5.1 Model fitting: A contest between candidate models
To illustrate, let’s take a small data set and look at two models that students might draw. (Figure 5.1)
Who has drawn the better model: Linus or Curly?
The instructor takes out a blue pen and draws a * for every data point, as in Figure 5.2. The star marks the output of the model when given the input (mother’s height) for that point. The position of each * on the vertical axis marks the model value for that data point.
Think of the model values as a kind of stand-in for the response variable, one that stays strictly in line with the model.
Now to determine whether Linus or Curly has the better model. The instructor takes out her red pen to mark the “error,” as in Figure 5.3. The error (marked as a red line) is the difference between the actual value of the response variable (vertical position of black dot) and the model value (blue \(\star\)).
The magnitude of the error is the length of the red line. In statistics, model candidates are graded according to the sum of square errorsk, as in Figure 5.4. (There is a good reason for this, analogous to the Pythagorean Theorem for the sides of a right triangle, but that needn’t concern us here.)
So Linus’s and Curly’s models are graded according to the total amount of red ink used in drawing the squares.
The less red ink, the better. Linus wins.
The process of constructing a statistical model reflects the contest just described between Linus and Curly and the judgement made by the teacher. But rather than looking at just two candidates, grades are assigned to a very large set of candidate models. Once the explanatory and response variables have been selected, and a shape for the function chosen (here, a straight line), the computer tries out all the possibilities and picks the one that gives the least error between the model values and the actual response values.

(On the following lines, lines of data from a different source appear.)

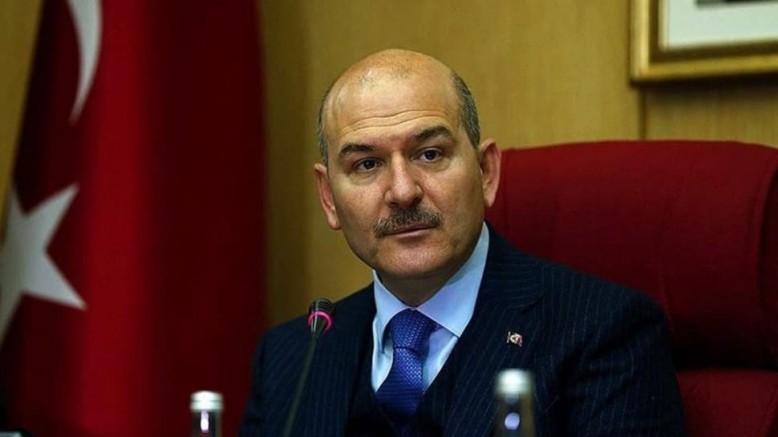 21 Eylül’den itibaren sürücü belgesi bilgileri kimlik kartına yüklenecek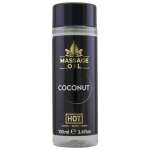 HOT - MASSAGE OIL COCONUT 100 ML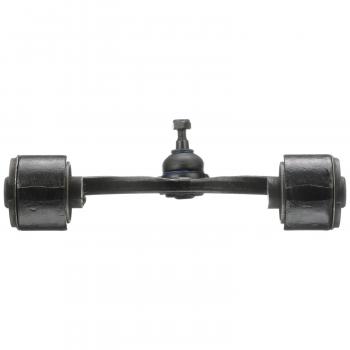 Delphi TC5910 - Suspension Control Arm and Ball Joint Assembly Delphi TC5910 Suspension Control Arm and Ball Joint Assembly product image 7 of 7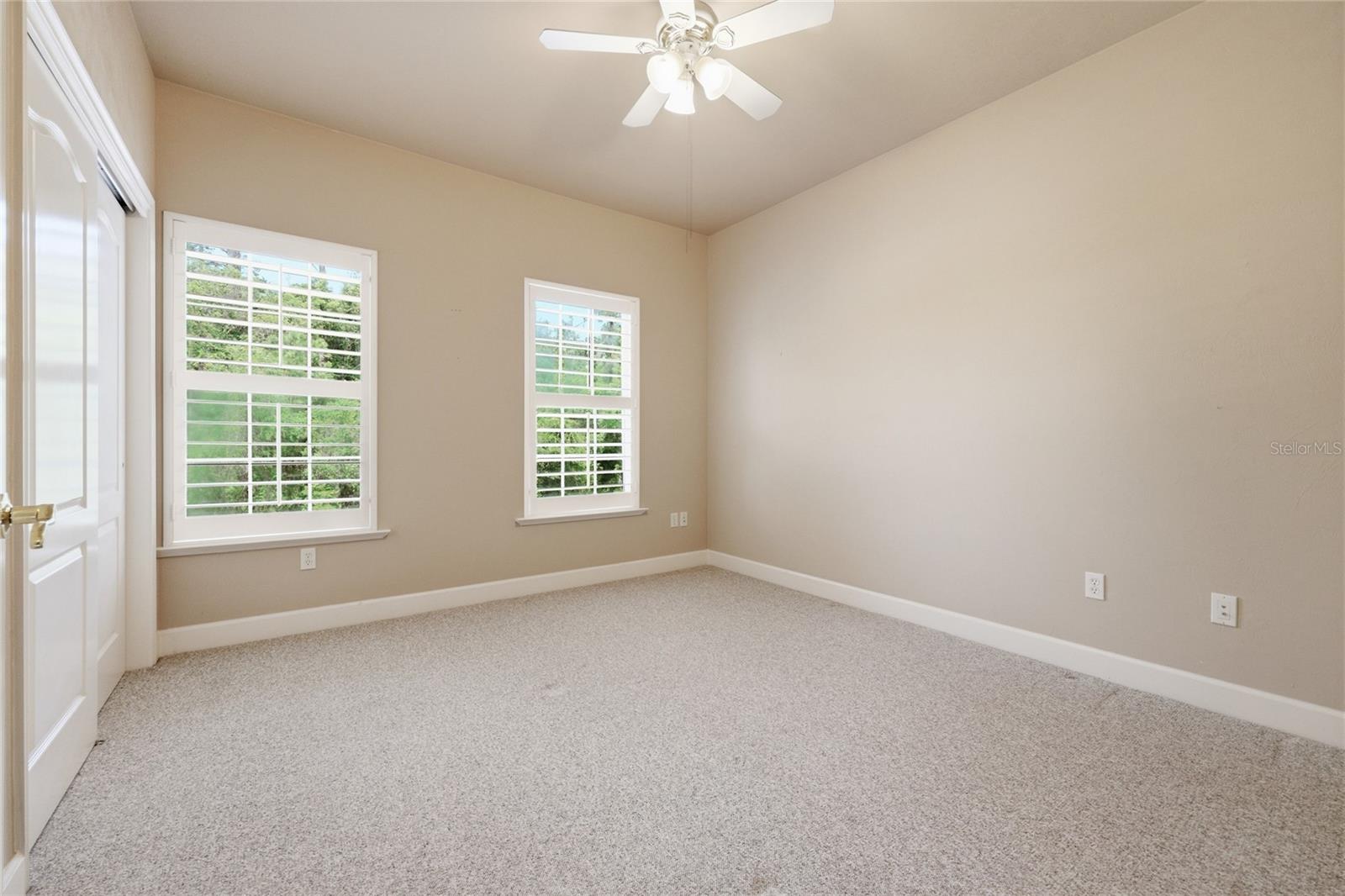 HAILE PLANTATION UNIT 34 PH 4 - Residential
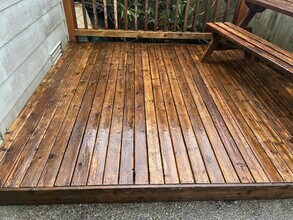 14362 NE 189th Ct in Woodinville, WA - Foto de edificio - Building Photo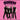 The Donnas - Get Skintight LP (Purple & Pink Swirl Vinyl)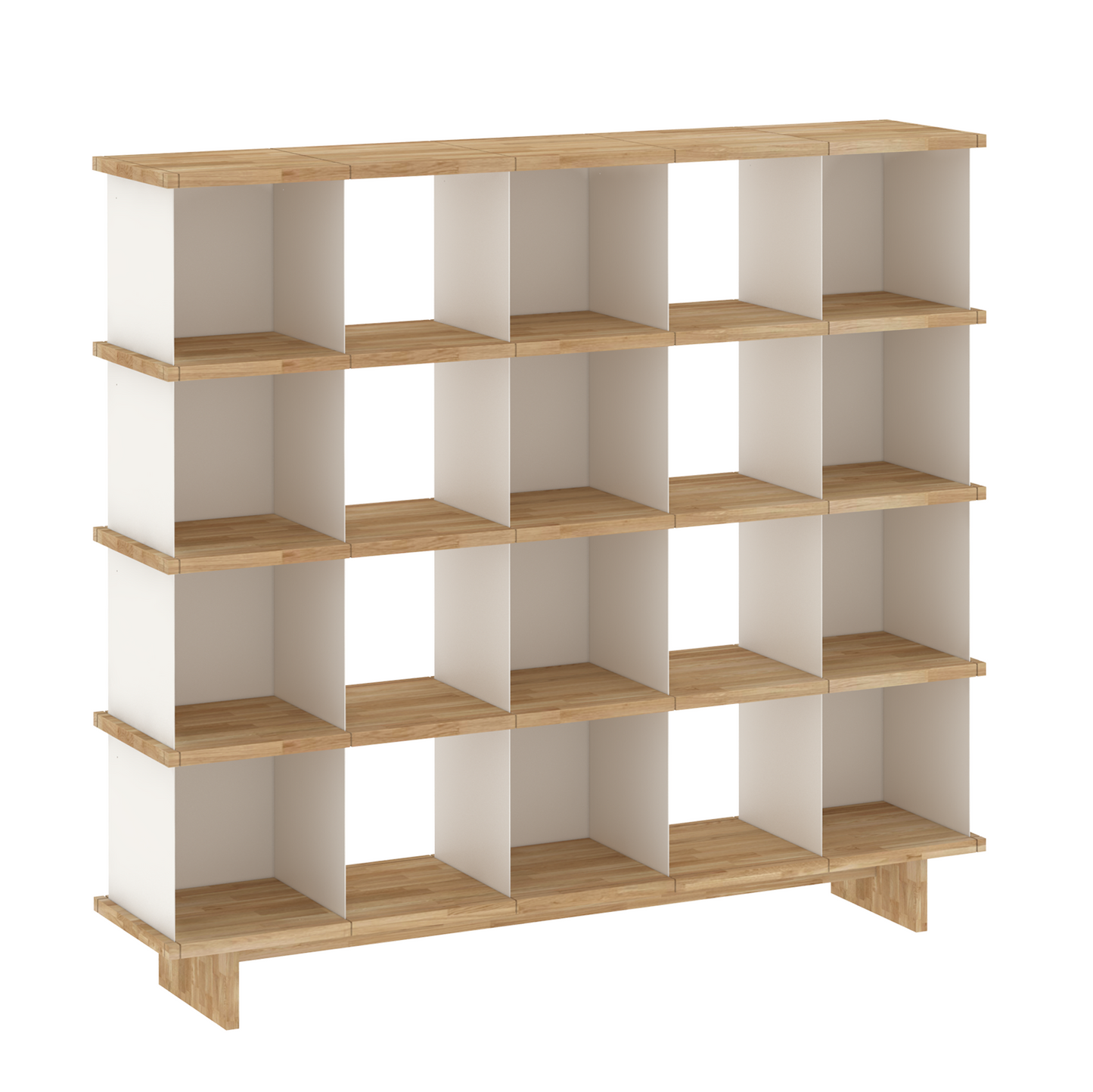 YU SIDEBOARD 5 series / oak oiled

In practice, for straight-line models (and more general forms, called “linear models”), there are equations that can be solved to find the best model, so there’s no need for the computer to try out lots of candidates. But the result is no different than if it had been found by trial and error.
5.2 Variance of model values
There is something important to notice about the model values for the winning model:
Model values will have a lower variance than the response variable.
We’ll use the symbol \(v_m\) to stand for the variance of the model values.
To illustrate this, let’s look at a couple of models from the previous chapter. In each, you can see that the response values (black dots) are spread out, while the model values stay in toward the center of data. This is a natural consequence of our using central models, that is, models where the function has roughly equal numbers of data points above it and below it.